27 Mayıs 2012 Pazar

BirŞişeDolusuGece,YarımSomunEkmek

.
.
.
.
.
.
.
    Kimden gelip kime gittiğinin kaydı tutulamayan acılar, arzular, korkular. Bir şarkı çalar mesela, izbe bir sokakta, beklenmedik bir yüzyılda. Bir arabadan gelir belki müzik, belki de bir pencere pervazından. Müzikle asla yüzleşmem. Sadece her adımımda ve her soluklanmamda zihnimde biten ufak tefek anlar. Sen. Uzandığını hatırlarım kanepede. Tekrar ve tekrar kirlenmesin diye üzeri bir örtüyle kapatılmış kanepede. Boynuna dökülen saçlarını, diri göğüslerini, ele güne burnunu. Benim gördüklerimi göremediklerinden şikayetçi olduğum gözlerin kapalı hep. Yüzünde belirsiz bir tebessüm. Güneş doğmuştur. Isınmanın uyuşukluğu. Olduğum yerden seni izlerim. Kanepenin hemen dibinde bir şişe dolusu gece, üzerine gazete serilmiş masanın üzerinde bayatlamış yarım somun ekmek.

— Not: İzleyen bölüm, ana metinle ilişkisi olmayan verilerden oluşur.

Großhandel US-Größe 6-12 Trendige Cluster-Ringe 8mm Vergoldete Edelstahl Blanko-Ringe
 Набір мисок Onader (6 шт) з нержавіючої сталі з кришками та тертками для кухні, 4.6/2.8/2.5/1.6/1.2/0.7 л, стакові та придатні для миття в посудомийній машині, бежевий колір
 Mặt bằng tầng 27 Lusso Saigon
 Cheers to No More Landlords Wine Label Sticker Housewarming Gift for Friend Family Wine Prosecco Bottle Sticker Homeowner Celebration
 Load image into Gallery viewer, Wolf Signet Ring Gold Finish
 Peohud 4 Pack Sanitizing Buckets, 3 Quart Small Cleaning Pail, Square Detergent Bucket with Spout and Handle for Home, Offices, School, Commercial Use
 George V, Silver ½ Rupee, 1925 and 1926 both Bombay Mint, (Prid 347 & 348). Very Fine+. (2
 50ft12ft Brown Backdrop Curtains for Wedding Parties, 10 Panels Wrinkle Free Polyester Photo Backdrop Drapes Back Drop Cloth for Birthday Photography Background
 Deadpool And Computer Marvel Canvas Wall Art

    Tek bir kelimeni hatırlamam, tek bir cümle haricinde.
    Siktirin oradan, duyamazsınız bu cümleyi benden.
    Duygusallaşırım çok nadir. Tek başımayken. Ve elimden geldiğince bu anların keyfini çıkartırım. Gözlerim kısık, kaşlarım çatık. Biraz daha net görmeye çalışırım, elimdekini aklımdakilerle denklerim. Sonra ansızın ayak bileğini düşünürüm. Hatırlamayam ama hayal etmeye çalışırım. Evet, sağ ayağındaki yüzük. Ayak bileğini bu yüzükle beraber canlandırmaya çalışırım zihnimde.
   Beceremem.
   Öyle olsun derim ve devam ederim yürümeye.